Bab 21 - Antitesis

1.2K 105 7
                                    

"Aku minggu lalu ketemu si juara sekolah," ucap Jojo pada teman-temannya. Mereka sedang berkumpul bersama di sebuah kafe.

Nata memasang wajah heran, mengkerutkan alis tipisnya.

"Itu loh, yang ditaksir temen kita," jelas Jojo.

"Oh, dia," balas Nata.

Dena tampak merubah ekspresi wajahnya. Wajahnya yang terlihat lembut dan bersahabat kini sedikit menyimpan rasa dongkol.

"Kamu, baru dua tahun lebih lulus udah lupa?!" ledek Jojo ke Nata dengan suara nyaringnya yang khas.

"Bukan lupa. Cuma gak inget," balas Nata santai.

"Sama aja bego," sahut Jojo.

"Maksudku, aku cuma gak mau inget-inget soal cewek itu, lagian ngapain juga nginget dia," jelas Nata sambil menyeruput orange juice-nya.

"Iya, bener. Kayak penting aja," sahut Dena dengan nada sedikit jutek.

Jojo lalu melihat Dena yang duduk di sebelah Nata, wajah gadis ayu itu tampak pahit. Nata tersenyum kecut pada Jojo sambil kemudian menyumpahi Jojo dengan tatapan mata, menyalahkannya kenapa sampai membahas masalah sensitif yang berhubungan dengan Kean.

"Maaf, Na," ucap Jojo.

"Buat apa?" tanya Dena dengan wajah kalemnya saat memandang Jojo. Dia lalu tersenyum pelan dengan sedikit rasa masam.

"Bahas masa lalu," balas Jojo. "Tapi waktu ketemu dia, sumpah deh mendadak aku jadi asal bicara karena terbawa perasaan.
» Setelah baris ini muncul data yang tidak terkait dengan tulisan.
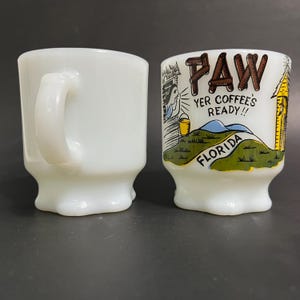 May include: Two white ceramic mugs with a cartoon illustration of a house and the text "Paw Yer Coffee's Ready!! Florida".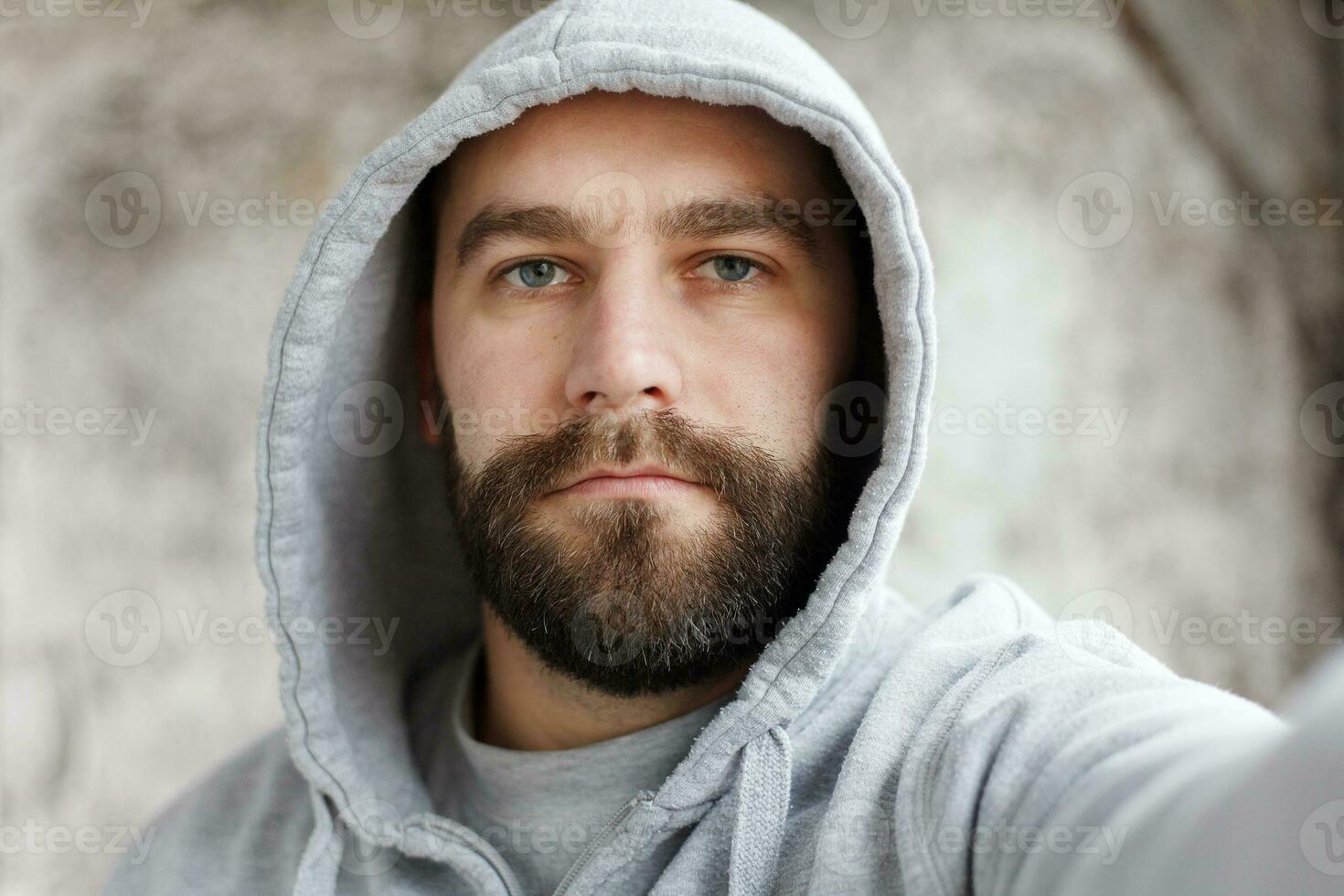 bearded man on a gray background makes a selfi photo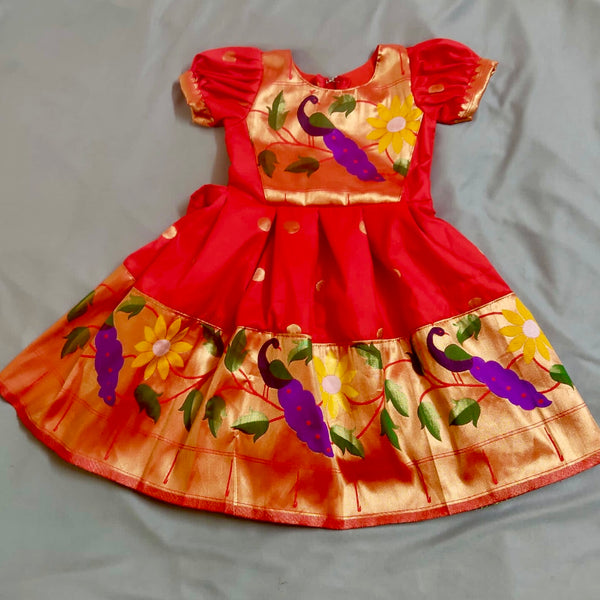Girls premium red paithani frock with peacock Border and puff sleeves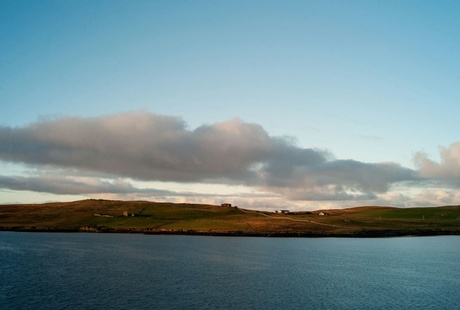 A landscape image of Shetland viewed from offshore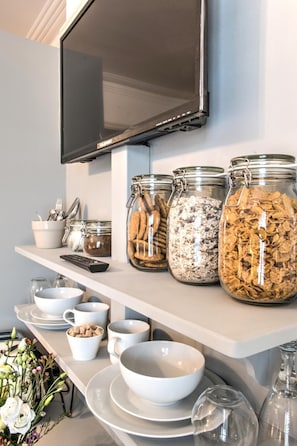 A breakfast bar with jars of cereal, bowls, and a remote control. - April House Weybridge - Boutique Guesthouse (Weybridge)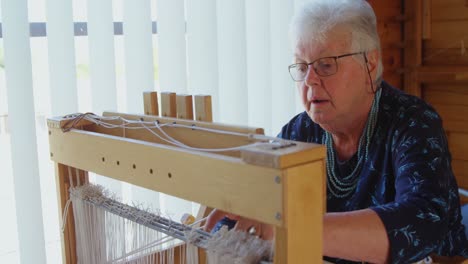 Senior-woman-operating-weaving-machine-4K-4k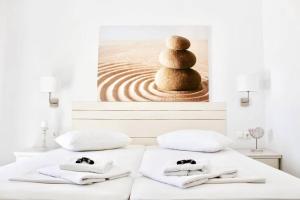 a bed with a picture of a stack of rocks at Aegeo Inn in Antiparos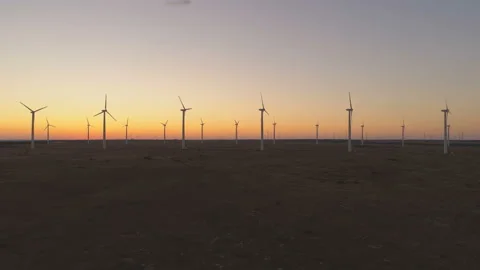Wind turbines silhouettes working against sunset sky at the Black Sea coast Stock Footage 138797876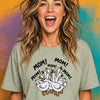 Woman with messy blonde hair laughing wearing sage green "MOM! MOM! MOM!" geese t-shirt with chaotic goose family graphic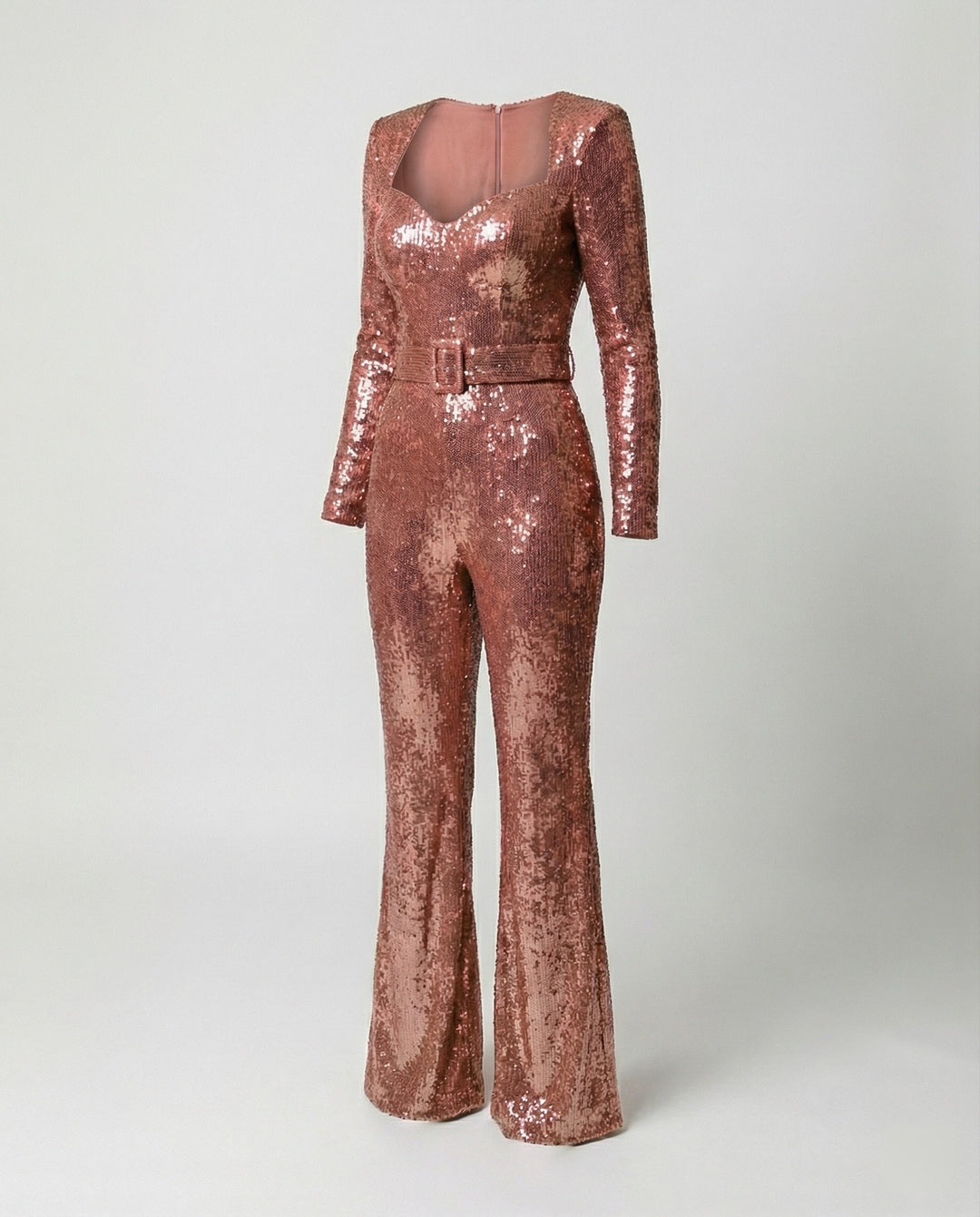Women's shimmering sequin jumpsuit with long sleeves, a glamorous figure-hugging formal outfit for evening & parties.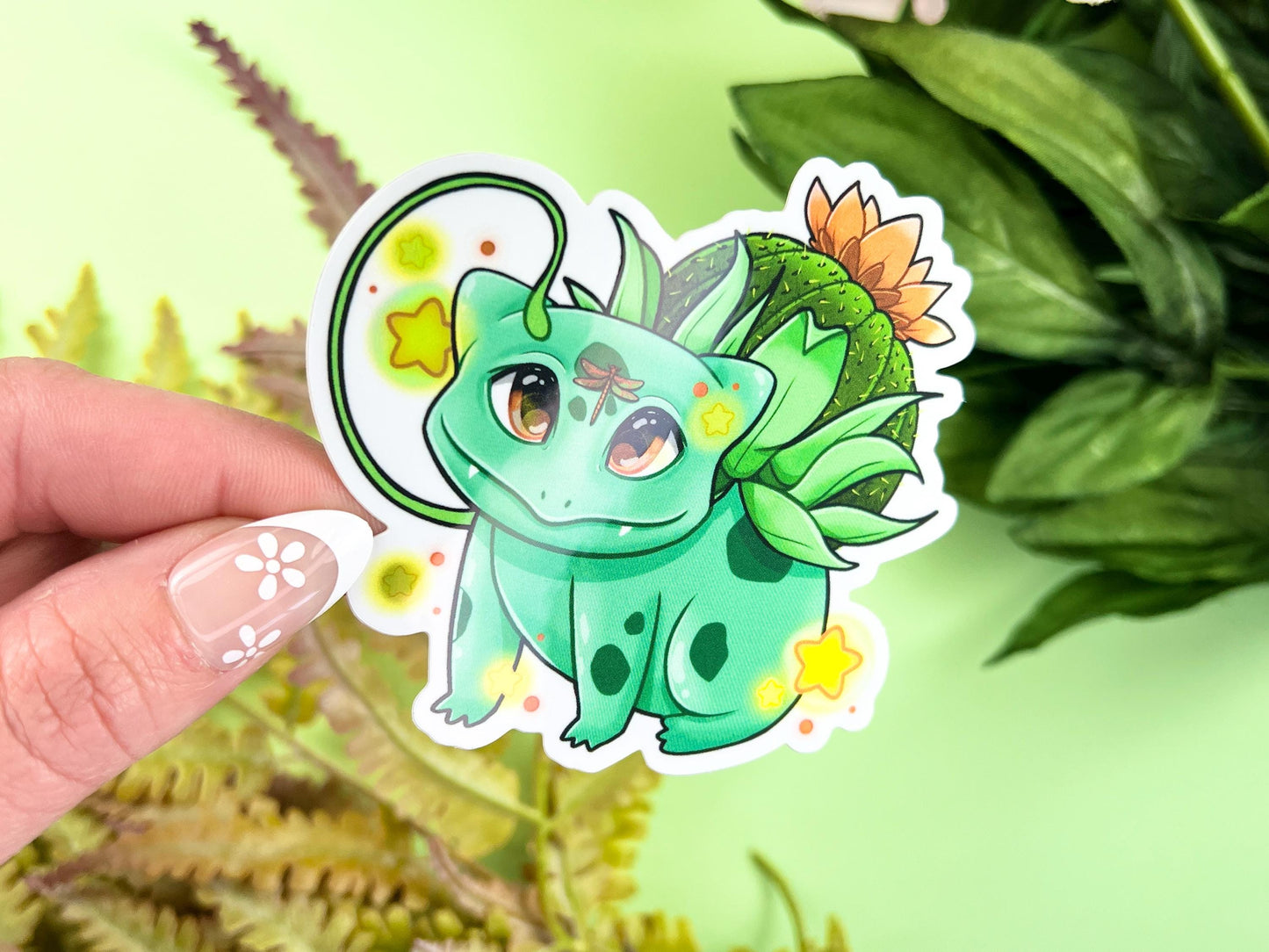 Vinyl sticker of a green leafy plant creature with cozy cottagecore forest aesthetic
Aku bilang ke dia kalau dia seenggaknya harus nyesel!" ucap Jojo yang malah kebablasan bicara. "Kataku dia harusnya hargain Kean, dan jangan anggap Kean sebagai orang yang menyebalkan," jelas Jojo.

"Gak apa lah dia anggap Kean menyebalkan. Gak penting juga anggepan dia ke Kean. Kean banyak punya temen yang sayang ke dia, gak perlu cemas hanya karena gak disukai gadis itu," balas Dena dengan sedikit berapi-api.

Nata dan Jojo mendadak bungkam dan bingung harus menanggapi ucapan Dena dengan cara yang seperti apa. Nata kembali menatap Jojo dengan tatapan menyalahkan karena telah membawa topik sensitif ke dalam pertemuan mereka yang harusnya menyenangkan ini.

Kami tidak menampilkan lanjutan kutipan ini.